Sally (Asha Menina), una bambina di sei anni, é chiusa in un assoluto mutismo. Un anno prima il padre, un famoso archeologo, era precipitato nel vuoto mentre era impegnato in un restauro di un’antichissima rovina Maya.
Una mattina, mentre è a scuola, Sally si arrampica in cima ad un albero; gli insegnanti, preoccupati, suggeriscono a Ruth (Kathleen Turner), la madre di consultare uno psichiatra, ma lei si rifiuta di affidarla ad uno strizzacervelli.
Qualche giorno dopo Sally sale sul tetto di casa per recuperare una pallina da baseball e la madre riesce a metterla in salvo solo grazie ai suggerimenti del rigido e ampolloso dottor Jacob. T. Birlander (Tommy Lee Jones), uno psichiatra accorso sul posto.

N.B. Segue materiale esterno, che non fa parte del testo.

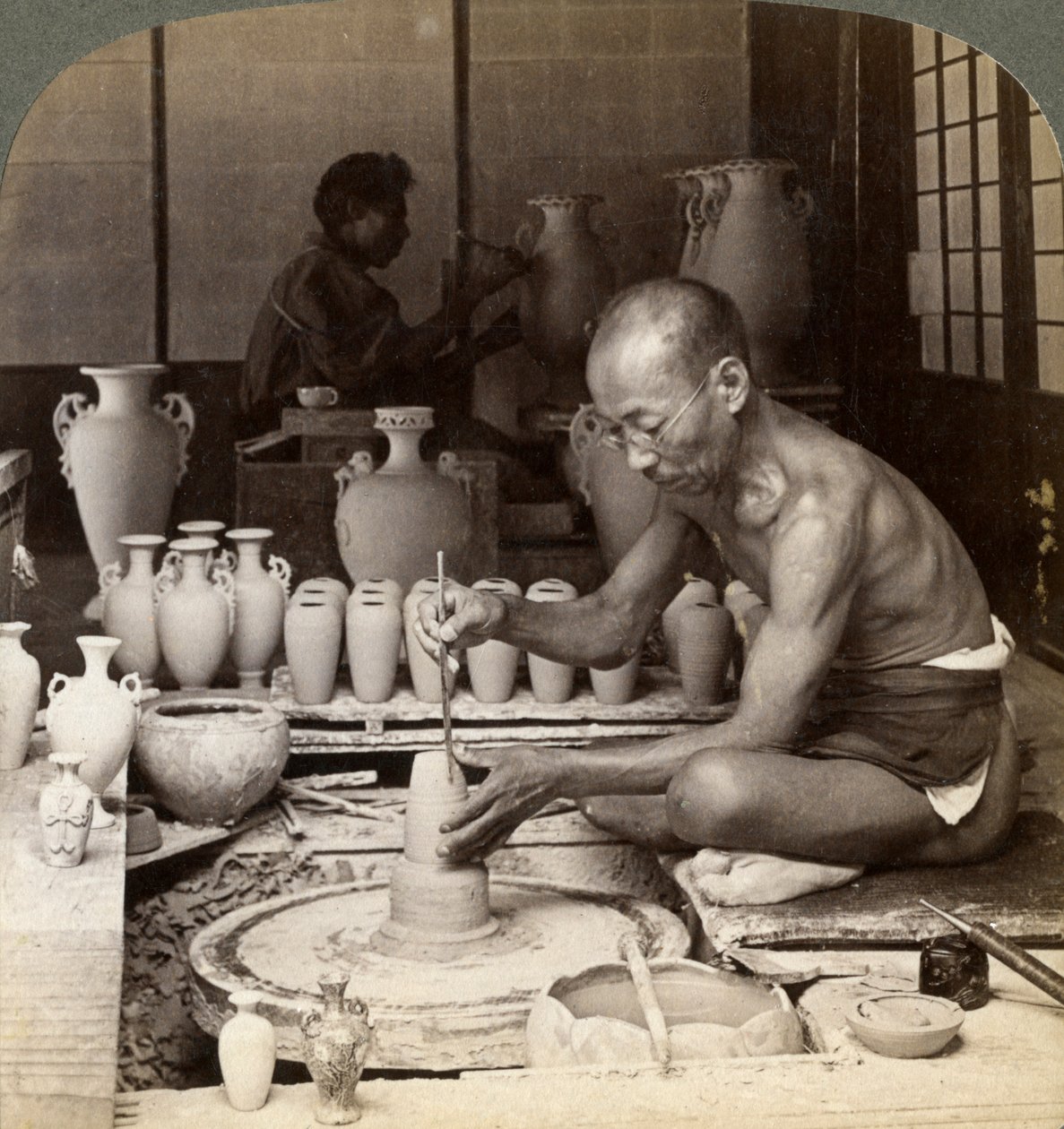 Een pottenbakker en zijn wiel, die een vaas van Awata-porselein vormen, Kinkosan-werken, Kyoto, Japan, 1904 door Underwood and Underwood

Ruth cerca nuovamente di ridimensionare l’accaduto ma, su ordine del giudice della contea, è costretta ad affidare la piccola alle cure al dottor Birlander.
Dopo averla osservata nel proprio Centro, dove sono ricoverati altri bambini autistici, Birlander comunica alla madre che la piccola è autistica ed avanza l’ipotesi che abbia un danno cerebrale.
Ruth, dopo avergli ricordato che Sally, prima della morte del padre, parlava tre lingue, lo accusa di non essere in grado di comprendere cosa si nasconde dietro il silenzio della figlia. Un giorno Ruth scopre per caso che la figlia ha eretto, con delle carte da gioco, una gigantesca torre a forma elicoidale (il riferimento presente nel titolo originale House of Cards).
Mai doma, fotografa questa costruzione, la riporta sul computer e, grazie a degli speciali visori, riesce a visualizzare ogni frammento della torre e scopre che la struttura termina con una carta che raffigura la luna.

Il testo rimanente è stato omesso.